Data extract =>
※ ※ ※

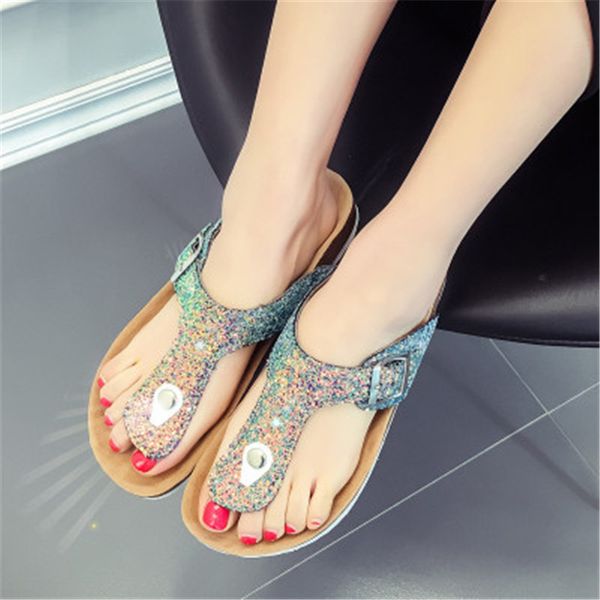 

men fashion glitter cork slippers 2020 man summer sequined beach slipper flip flops slides shoes flat with plus size 35-44 gold, Black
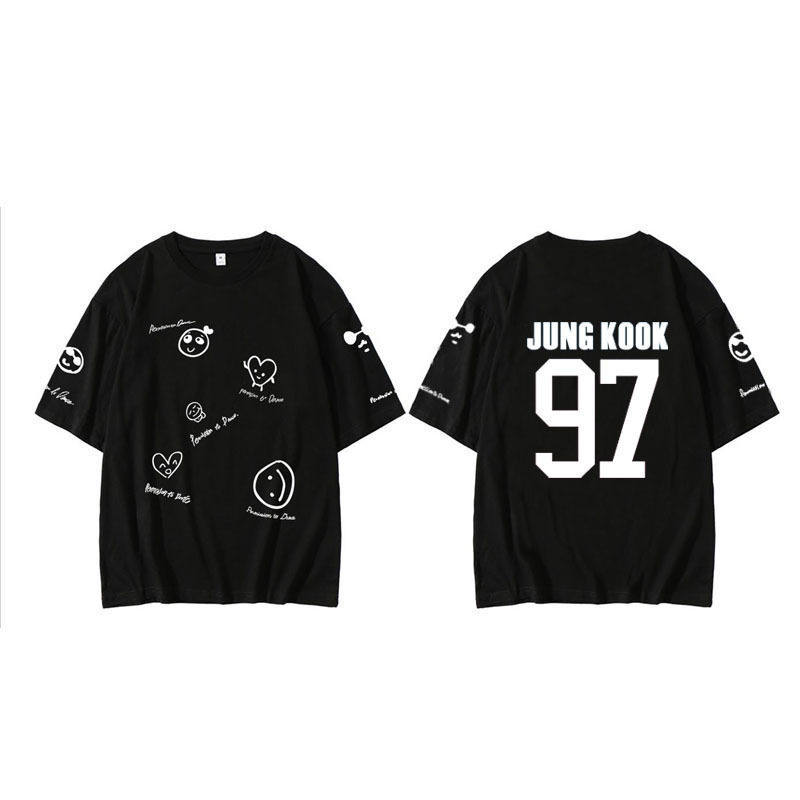 Baju BTS  jungkook jimin v j-hope RM jin  BTS เสื้อยืดพิมพ์ลาย Kpop Merch ผ้า แขนสั้น ทรงโอเวอร์ไซซ์
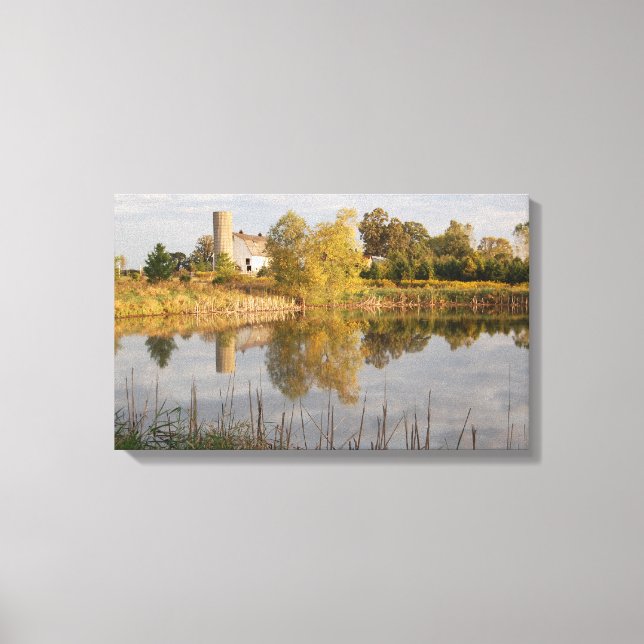 Beautiful Barn Reflected in the Pond Canvas Print (Front)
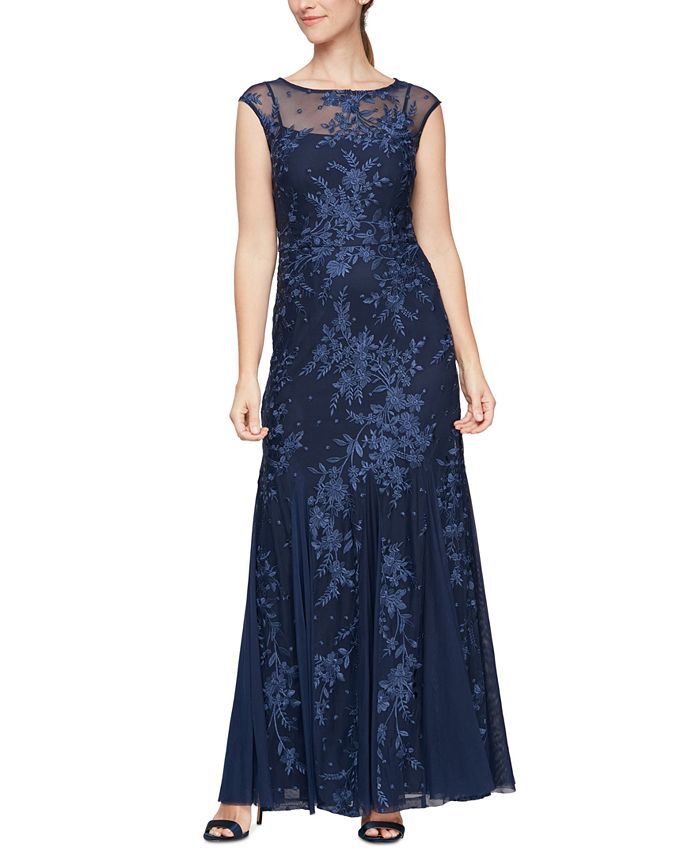 Alex Evenings Women's Embroidered Trumpet Gown Blue Size 14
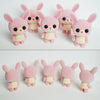 Little Cute PVC Flocking Animal Rabbit Dolls Creative Gift Kids Toy, Size: 5.5*3.5*7.7cm(Pink)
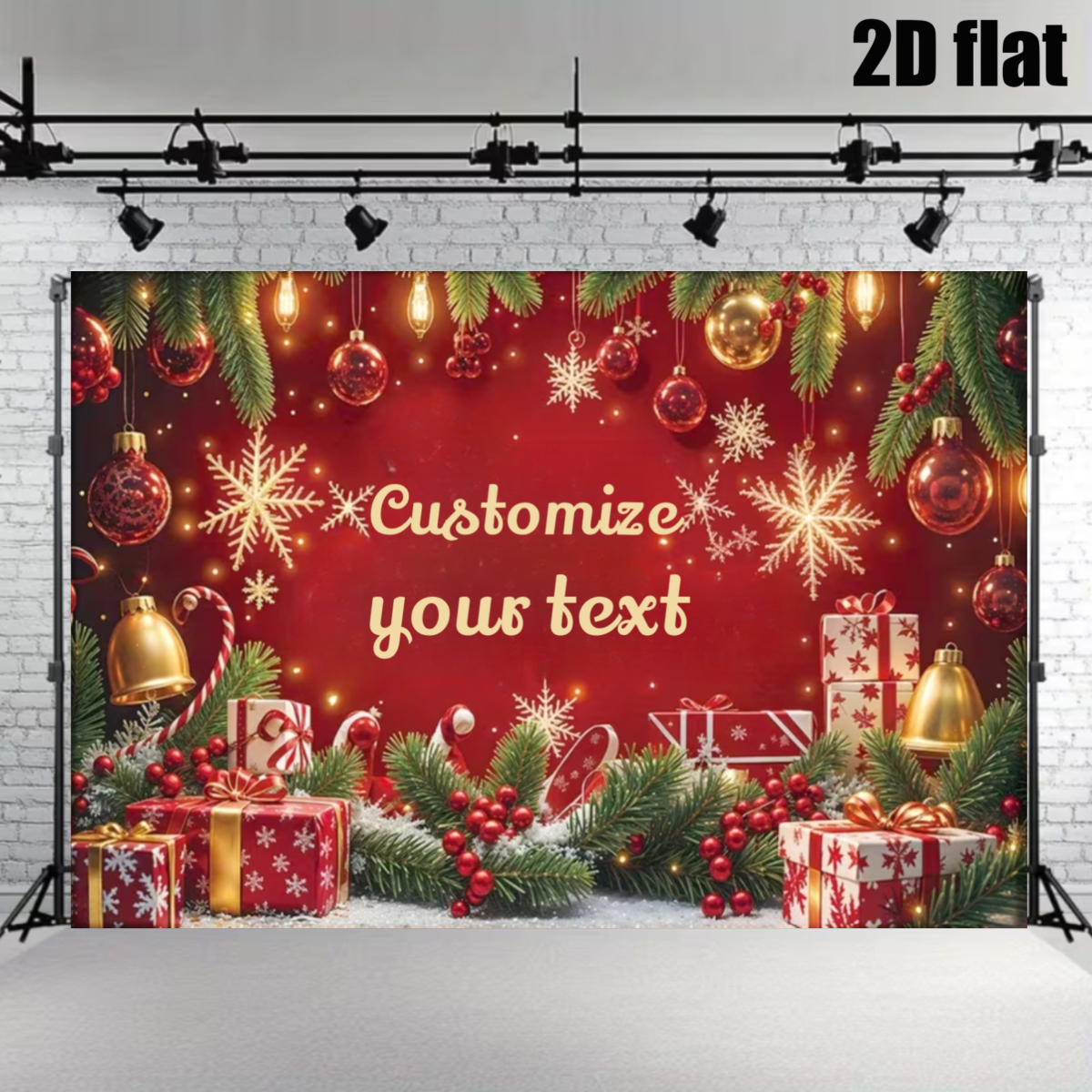 TEMU 2d Flat, 2d Party Flat Banner, Customizable Christmas Backdrop With Printed Pattern, Suitable For Christmas Celebrations Indoor Outdoor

※ ※ ※

Exercise prompt => Would you give again, exactly as written, the lines from the one containing "Beautiful Barn Reflected" through the end of the records, with no pictures and no other lines?

Task answer =>
 Beautiful Barn Reflected in the Pond Canvas Print (Front)
 Alex Evenings Women's Embroidered Trumpet Gown Blue Size 14
 Little Cute PVC Flocking Animal Rabbit Dolls Creative Gift Kids Toy, Size: 5.5*3.5*7.7cm(Pink)
 TEMU 2d Flat, 2d Party Flat Banner, Customizable Christmas Backdrop With Printed Pattern, Suitable For Christmas Celebrations Indoor Outdoor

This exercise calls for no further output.